A independência de Mianmar foi concedida em 1948 pelo
Império Britânico, arrastando uma divisão étnica promovida pelos colonizadores
e que se prolongaria no tempo. O general Aung San, pai de Suu Kyi e herói da
pátria birmanesa, ofereceu aos líderes das minorias que se unissem à nascente
União birmanesa com a promessa de ampla autonomia. Isso não aconteceu. Aung San foi assassinado
meses antes do nascimento do “novo” país. A rebelião das minorias que esta
situação desencadeou, abriu as portas à liderança do Exército na política
birmanesa. Em 1962, o general Ne Win deu o golpe que levaria os militares ao
poder por 49 anos.
O Tatmadaw (como é popularmente conhecido o Exército) tem a
sensação de "representar a alma da nação".A história assumida pelo
Tatmadaw tem sido "lutar para controlar o país, para criar um estado-nação
contra uma série de “inimigos internos”, toda uma gama de forças étnicas, que
os confrontam e desafiam a natureza de um Estado-nação moderno.
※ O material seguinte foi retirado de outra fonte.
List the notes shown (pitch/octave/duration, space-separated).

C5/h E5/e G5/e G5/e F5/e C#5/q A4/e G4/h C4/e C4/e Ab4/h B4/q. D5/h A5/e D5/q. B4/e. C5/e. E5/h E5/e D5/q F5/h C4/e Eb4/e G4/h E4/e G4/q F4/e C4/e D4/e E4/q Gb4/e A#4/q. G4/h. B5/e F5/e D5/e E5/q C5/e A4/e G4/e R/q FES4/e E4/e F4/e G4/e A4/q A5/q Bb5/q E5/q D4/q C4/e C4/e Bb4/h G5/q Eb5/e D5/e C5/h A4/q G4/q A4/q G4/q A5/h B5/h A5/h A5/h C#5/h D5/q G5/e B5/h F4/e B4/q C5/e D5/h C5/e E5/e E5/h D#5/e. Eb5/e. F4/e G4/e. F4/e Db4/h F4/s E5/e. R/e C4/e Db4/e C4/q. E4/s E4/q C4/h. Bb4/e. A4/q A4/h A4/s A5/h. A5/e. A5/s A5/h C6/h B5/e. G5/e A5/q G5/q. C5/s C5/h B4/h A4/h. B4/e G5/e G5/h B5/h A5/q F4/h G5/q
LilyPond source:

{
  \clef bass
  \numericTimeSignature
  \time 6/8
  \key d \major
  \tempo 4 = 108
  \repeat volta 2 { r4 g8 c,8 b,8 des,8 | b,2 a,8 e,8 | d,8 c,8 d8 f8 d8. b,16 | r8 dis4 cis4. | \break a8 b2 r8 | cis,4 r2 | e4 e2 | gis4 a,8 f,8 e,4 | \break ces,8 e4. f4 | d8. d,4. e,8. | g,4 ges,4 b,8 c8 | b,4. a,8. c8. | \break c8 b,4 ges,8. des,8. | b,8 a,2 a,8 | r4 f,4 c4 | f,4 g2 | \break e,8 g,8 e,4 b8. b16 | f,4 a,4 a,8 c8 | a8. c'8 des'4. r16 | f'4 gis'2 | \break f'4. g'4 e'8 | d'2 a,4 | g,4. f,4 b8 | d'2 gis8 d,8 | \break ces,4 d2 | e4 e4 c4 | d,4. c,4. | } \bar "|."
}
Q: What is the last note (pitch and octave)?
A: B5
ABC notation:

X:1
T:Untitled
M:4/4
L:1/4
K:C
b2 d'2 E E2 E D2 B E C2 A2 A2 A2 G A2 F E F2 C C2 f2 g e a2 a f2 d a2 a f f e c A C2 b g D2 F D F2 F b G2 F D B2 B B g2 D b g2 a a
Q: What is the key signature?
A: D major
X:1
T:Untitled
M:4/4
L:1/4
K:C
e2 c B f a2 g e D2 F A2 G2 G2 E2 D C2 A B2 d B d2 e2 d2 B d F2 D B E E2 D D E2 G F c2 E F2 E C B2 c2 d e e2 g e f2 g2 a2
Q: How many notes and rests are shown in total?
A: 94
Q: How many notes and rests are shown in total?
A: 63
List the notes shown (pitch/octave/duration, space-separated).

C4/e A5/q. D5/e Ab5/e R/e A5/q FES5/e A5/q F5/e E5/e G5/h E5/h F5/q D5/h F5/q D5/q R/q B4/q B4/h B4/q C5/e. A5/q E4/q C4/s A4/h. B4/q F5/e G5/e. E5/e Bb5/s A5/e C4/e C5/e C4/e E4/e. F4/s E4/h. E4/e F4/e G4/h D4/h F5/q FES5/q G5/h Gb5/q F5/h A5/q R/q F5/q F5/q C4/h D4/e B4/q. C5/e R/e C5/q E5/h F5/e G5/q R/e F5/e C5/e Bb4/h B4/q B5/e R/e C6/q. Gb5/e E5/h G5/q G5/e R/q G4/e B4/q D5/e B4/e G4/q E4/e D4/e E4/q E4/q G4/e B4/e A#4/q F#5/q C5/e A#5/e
Eles são então
considerados "como o único fator que mantém o país unido". É claro
que isso se soma à corrupção sistêmica, a uma mentalidade de elite e à gestão
de conglomerados empresariais pertencentes ao Exército que controlam boa parte
dos setores mais lucrativos do país.
Suu Kyi passou a maior parte das duas décadas de 1989 a 2010
detida até se tornar parlamentar em 2012, podendo deixar o país pela primeira
vez em 24 anos. Essa trajetória de resistência à ditadura rendeu-lhe
reconhecimento internacional e o Prêmio Nobel da Paz de 1991. Mas o genocídio
dos Rohingya mostrou sua cara de "supremacia" birmanesa. E os limites
da “transição democrática” que se avistam, representam o desafio político para
a vanguarda dos trabalhadores de derrotarem a cúpula do Exército, única forma de
garantir a perspectiva do socialismo, uma tarefa que a burguesia liberal,
representada pelo NLD é historicamente impotente para cumprir.